The trader refuses, "for your own good!," to divulge the location
of the Rip. If the PCs offer her enough ($10,000, modified with a commercial
transaction roll), the trader will pass on a disk with a copy of the signals.
The images show a vicious interplanetary war, but it's impossible to tell
whether the grainy transmissions are genuine.
A long, careful analysis shows that the war is between technological equals,
far below the level that the Sagittarians must have achieved.
The Observer
The PCs, laid over on a backwater agricultural planet, decide to explore
the small town outside the starport. It's a pleasant, pastoral place, but
decidedly dull. While looking for something to do, they spot an unfamiliar
non-human wandering in a park. The creature is the size and build of a large
black bear. A coat of stiff, woolly black hair covers most of its body;
over this it wears a vest of coarse fabric and a harness hung with leather
pouches. Its blunt, symmetrical face has four eyes arranged around a complex
multiple jaw; the four digits on each hand have sharp, retractile claws.

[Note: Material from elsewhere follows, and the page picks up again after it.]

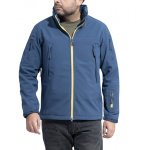 jakna pentagon artaxes softshell escape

Though bipedal, it walks on all fours at times and is twice seen climbing
trees, seemingly for enjoyment.
If the PCs take the time to observe the thing, they'll quickly come to the
conclusion that it is a fellow tourist. When not looking over the stock
of local stores, it occupies itself taking pictures of people, animals and
buildings using a tiny camera mounted on a finger ring.

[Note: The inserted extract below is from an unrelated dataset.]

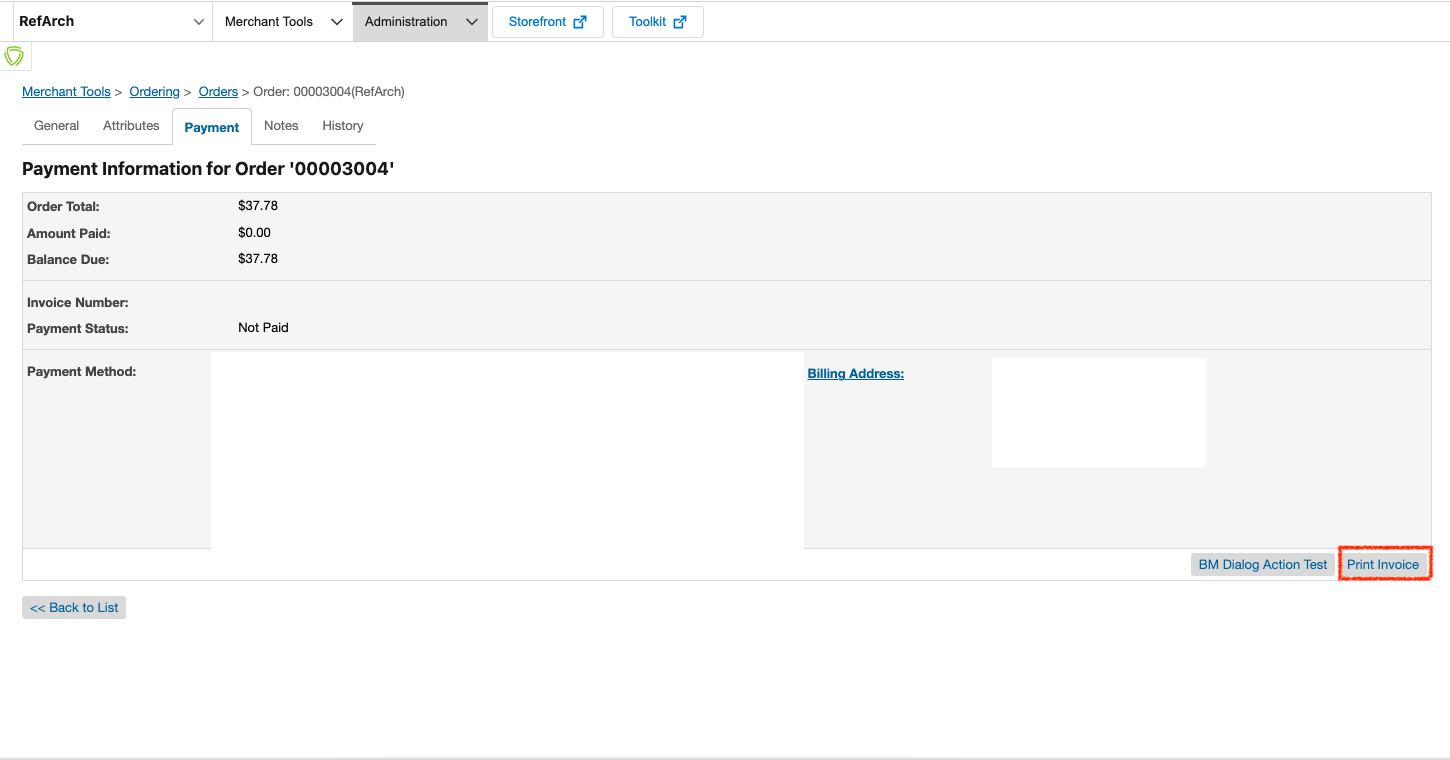 スクリーンショット 2024-01-31 10.51.42.png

Eventually, the thing takes notice of the PCs and follows them
around. It occasionally asks a simple question -- such as the name of a
tree or bird or what a certain building is for -- but for the most part
it is content to amble along, window shop and take pictures. It answers
most questions about itself with a grunt and a shrug, but freely gives its
name if asked: "ChooHOOO! Swam vigorously through methane for a mate.
Called Uhnuh." The questioners will feel subsonic pulses in their viscera
and hear an almost inaudibly high keening when it pronounces this. (These
sounds are parts of its name too. It will be very impressed if the PCs realize
this and manage to duplicate the sounds.)
After a half an hour or so of wandering together, the PCs will realize that
they and the beastie are both being carefully watched. Wary-looking offworlders
disguised (badly) as locals tail them; armed, uniformed men from the local
militia will be seen peeking around street corners. Children playing in
the street are scooped by their parents and hustled indoors when the party
approaches. The stranger doesn't seem to notice anything untoward until
the party reaches the next shopping district. The thing will stare at the
CLOSED signs and shuttered shop windows, mutter "This always happens,"
quietly floats into the air, then streaks toward the horizon and out of
sight.
After the thing disappears, the party will be briefly but thoroughly questioned
by agents from the Contact service. The awe-struck investigators will take
down the PCs' every word and observation, request duplicates of pictures
and recordings they may have made and ask that they report further contacts
with the creature. The investigators won't say what they know about the
creature. If the PCs do some undercover work, they learn that the tourist
is thought to be from some terrifically advanced civilization, and that
it has been paying regular visits to the town for nearly 50 years.